So pardon me, if I’m just ever-so-skeptical or social-emotional development issue potential. Part of the way that young people latch onto a dream early-on in life is by developing their own personality (by following their own onboard sense of inquiry).
Sure, I suppose that may stunt a few social skills. But with the exception of a neighborhood organizer from Chicago, and various sociopaths who seek continuous election, let me ask the embarrassing question:
Where are the jobs for all these socially developed people?
I daresay half of Silicon Valley geniuses were not particularly social, at least until they’d made their third of fourth million. What’s more, when I’ve met great achievers in many fields, they have mainly missed a few pointers from Ms. Manners, and some might be called outright misfits.
But, you see, the geniuses don’t live in the middle of the Bell Curve. They are outliers. And to empower kids with (porn protected it goes without saying) material in all kinds of depth?
Why, that’s the makings of a whole new crop of geniuses.
Now, if we could only explain that to Common Core sycophants.
Viva la ‘difference! It ain’t just for sex, anymore.
Or, am I just identifying with too many characters in Scorpion episodes?
Living Off the Grid
Dear Mr. Ure
I am a long time reader of both your sites.
Recently you went into considerable detail addressing the use of solar power using Inverters and battery’s that got me to thinking
We live in the NW near Granite Falls in a heavily forested area making solar power impractical.
Currently we have a 12k generator 120/240 system with a transfer switch that works well. However we noticed that in periods of prolong power outage it uses a lot of fuel even though the amount of needed power is no where near amount power the generator is capable of thus making the generator very costly.
MY question to you is could we not use a an inverter- charger 120/240 volt system tied in to the service panel side of the transfer switch so that the inverter would charge the batteries either from the grid or the generator? My thought is that when the generator was not operating the inverter would supply power to the service panel and make the generator more efficient.
Thank you for your time
Reader Walt raises a couple of fine questions here.
The simple answer is yeah, sure, you could “float” the house on the inverter/charger. That way, when the generator is on, it not only runs the house but it also charges the battery bank.
Now the bad news: Depending on how the house is heated (please tell me it’s not electric!) it will be forever before you make a real return on the investment in additional equipment.
What you’re looking at would be a stacked pair of inverters (one for each side of the 220) and, depending on how long you want to have power, the battery bank could be huge.

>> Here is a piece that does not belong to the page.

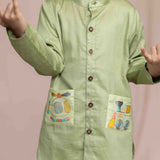 Green kurta set with embroidered pockets for boys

Of your generator is diesel and runs 1.5 gallons per hour, unloaded or lightly loaded) take the current price of diesel in your area ($2.76 says Triple A as of this morning) and then multiply that times the hourly run rate, and then figure out how many outage-hours you’ve had (on average) per year.
At 1.5 gallons per hour (15 KW gen set?) might run unloaded at $4.14 per hour.
Now divide this into the price of a system you describe: Say with the electrician, the parts, labor, batteries, and design work, you might be up to oh, $12,000.
Next divide $12,000 by the unloaded genset cost, which comes up to about 290-hours.
Now divide by days and ask yourself? How many years would I need the additional equipment in order to use 12 whole-days of battery support?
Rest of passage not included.